Satellite Imagery Road Segmentation

6 min readApr 17, 2022

Introduction
Business Problem
Understanding the Data
Machine Learning problem
Data preprocessing
Modeling
Results
Deployment
References

1. Introduction

If you travel frequently, you are highly likely to use maps to navigate from point a to b. You may be surprised by the great extent to which maps can impact our day-to-day lives. A road map or street map is a map that primarily displays roads and transport links. for maps to be reliable, maps should be up to date with the ever-changing and ever-expanding road network.

The combined road length of our planet is about 33 million km (paved and unpaved) roads are paved and expanded every day so satellite imaging is extensively used in mapping roads.

2. Business Problem:

Since our road network is millions of km long It will take a substantial amount of manpower to manually map all the roads on our planet and it is virtually impossible to keep up with the ever-expanding road network. As roads are paved and expanded every day, automatically extracting roads from satellite images is crucial for keeping maps up-to-date. satellites can provide high-resolution topographical maps.

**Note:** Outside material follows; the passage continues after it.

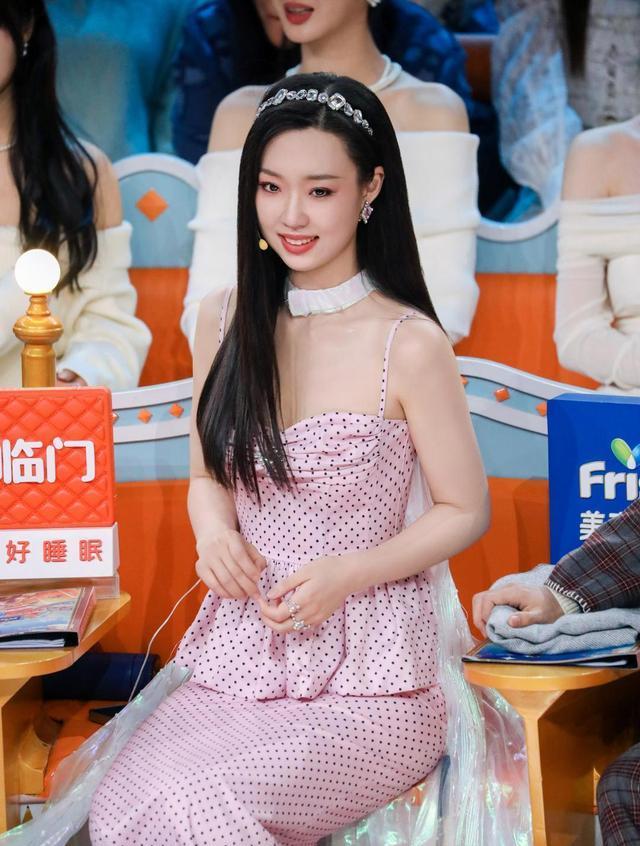 30岁管乐首晒北京小家，屋内堆满脏衣，厕所长蘑菇，还任由猫乱尿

However, these data make roads difficult to identify as they look visually similar to rivers and railways. road extraction methods like segmentation performed by classical computer vision algorithms may not yield the best results as they are dependent on features extracted from the image. Deep learning, which is a subset of machine learning has shown a significant performance and accuracy gain in the field of computer vision compared to classical computer vision algorithms. So, we will be using deep neural networks to extract road information from ariel images.

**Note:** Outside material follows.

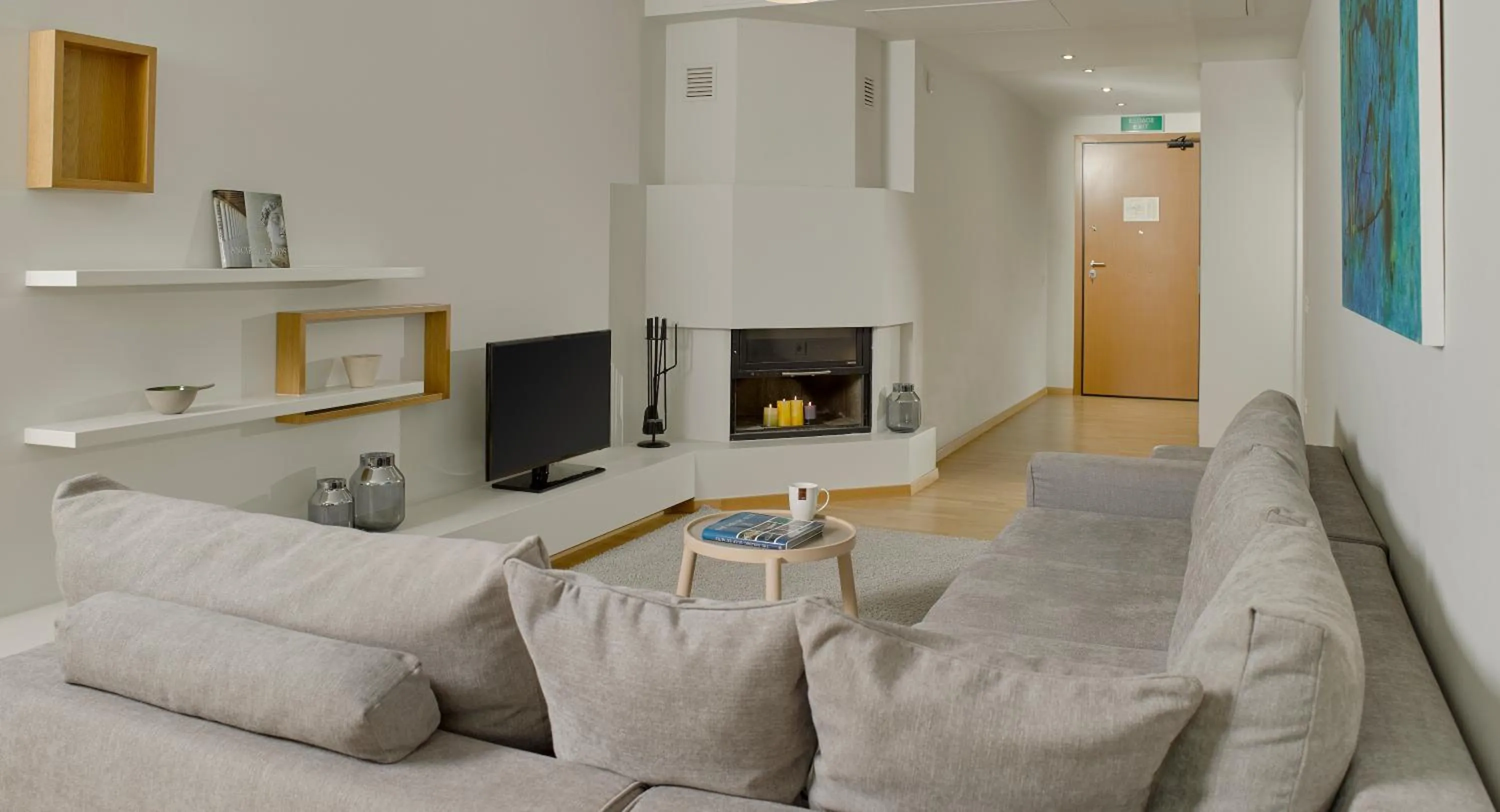 Deluxe Suite in Scale Suites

3. Understanding the Data:

Source: https://www.kaggle.com/balraj98/massachusetts-roads-dataset

Image — aerial images of the state of Massachusetts. Each image is 1500×1500 pixels in size, covering an area of 2.25 square kilometers

Mask — masked image is created from the original image by assigning a different pixel value to the feature that is to be segmented from its surroundings.

metadata.csv contains the paths for the original image and the mask image.

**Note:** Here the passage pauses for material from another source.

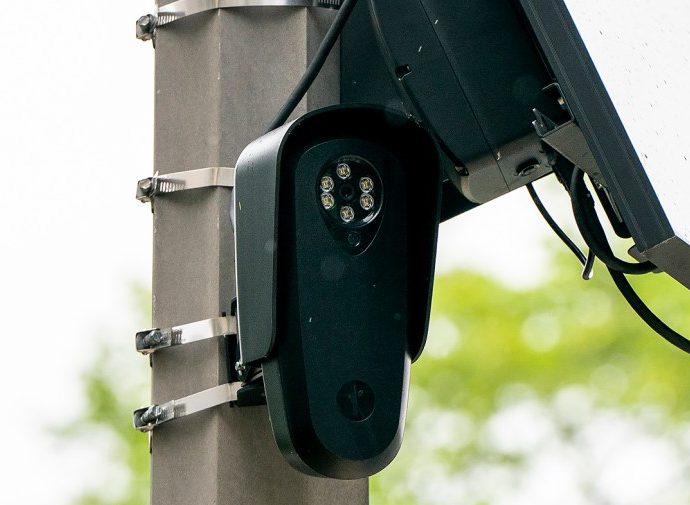 town-unsure-who-installed-multiple-flock-cameras,-reports-say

label_class_dict.csv contains the RGB values of the features.

4. ML Problem:

Deep-learning segmentation algorithm trained on images and masks to segment out the road from the rest of the features present in the image using dice loss.

5. Data Preprocessing

Preprocessing: plotting images revealed that a handful of images were missing a portion of their data.

Incomplete images will degrade the performance of the model, so we will be removing images that are missing more than 10% of its data.

Function to find incomplete images

All the images are of size 1500*1500 resizing them to smaller dimensions will not preserve all the information of the original image, so instead images are cropped into smaller images (512*512)to preserve all the information.

Mask Extraction: Mask in our data is an RGB image but, the segmentation network is similar to how we treat standard categorical values, we’ll create our target by one-hot encoding the class labels — essentially creating an output channel for each of the possible classes.

6. Modelling

1. Network Architecture (U-net)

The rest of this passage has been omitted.